The ruble, which had endured another day of turbulence amid the threat of further U.S. sanctions, made gains after the Central Bank statement.
The ruble dropped by more than 1 percent on the Moscow exchange to briefly top 69 against the dollar, the lowest since April 2016, but recouped those losses to trade slightly up on the day at 67.8 as of late afternoon.
The Central Bank said it wouldn't buy foreign currency until the end of September "to reduce the volatility on financial markets." An earlier foreign-currency buy announced this week by the Central Bank had increased downward pressure on the ruble.
The latest tremors came amid talk that the U.S. was readying further sanctions. On Tuesday, the U.S. slapped sanctions on two Russian shipping companies over alleged oil trading with North Korea.
It could also impose much broader sanctions as a consequence of the poisoning of ex-spy Sergei Skripal in Britain in March.
The ruble's weakness has come despite a sharp pick in oil prices to $75 a barrel and an improvement in the state of the Russian economy.
"The ruble should not be this weak based on, shall we say, fundamentals," said Chris Weafer, a Moscow-based senior partner at the Macro Advisory consultancy.
"The ruble should actually be a lot stronger than we are seeing it and the reason it's not is directly linked to the sanctions coming out of the U.S."

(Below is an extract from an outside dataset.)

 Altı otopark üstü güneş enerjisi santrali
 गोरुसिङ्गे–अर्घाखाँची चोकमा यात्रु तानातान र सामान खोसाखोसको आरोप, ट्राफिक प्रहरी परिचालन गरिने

Russian President Vladimir Putin called sanctions against Russia "counterproductive and senseless" following talks Wednesday with his Finnish counterpart Sauli Niinisto.
The last time the ruble reached similar lows was in early 2016 when oil prices fell sharply. Russia is heavily-dependent on revenues from its oil exports, but a weaker ruble can help government revenues since oil is sold in dollars.